### Instructions to follow
Nothing outside the range is to be copied. From the entries below, reproduce exactly the lines starting at the one with "Digital Wallpaper Cockatoo 9257" and ending at the one with "Uzakta yeşil bitki", without pictures.

### Material for this task
____
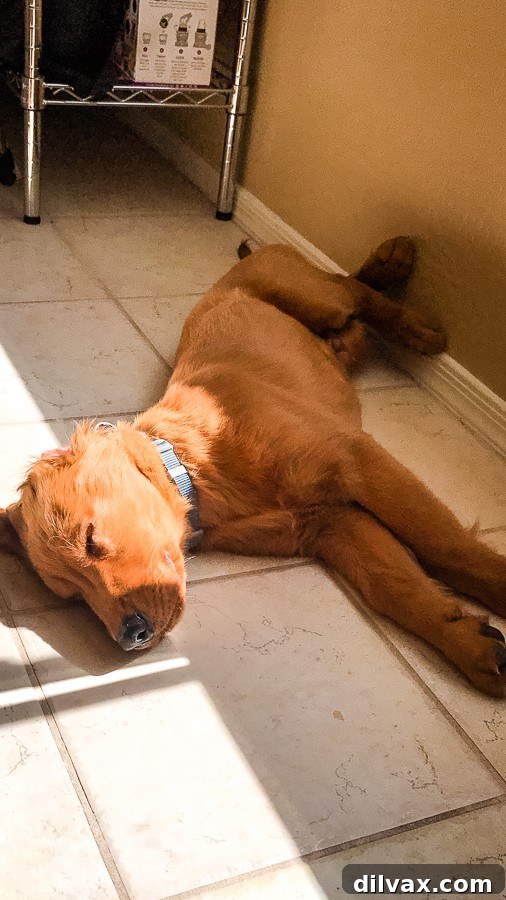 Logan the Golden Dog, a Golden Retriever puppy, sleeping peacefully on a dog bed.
____
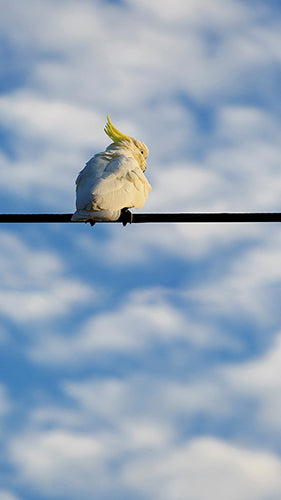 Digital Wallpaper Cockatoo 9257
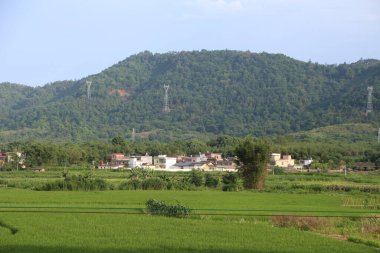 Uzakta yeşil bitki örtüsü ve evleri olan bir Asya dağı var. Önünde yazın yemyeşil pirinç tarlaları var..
____
### Response to this exercise
 Digital Wallpaper Cockatoo 9257
 Uzakta yeşil bitki örtüsü ve evleri olan bir Asya dağı var. Önünde yazın yemyeşil pirinç tarlaları var..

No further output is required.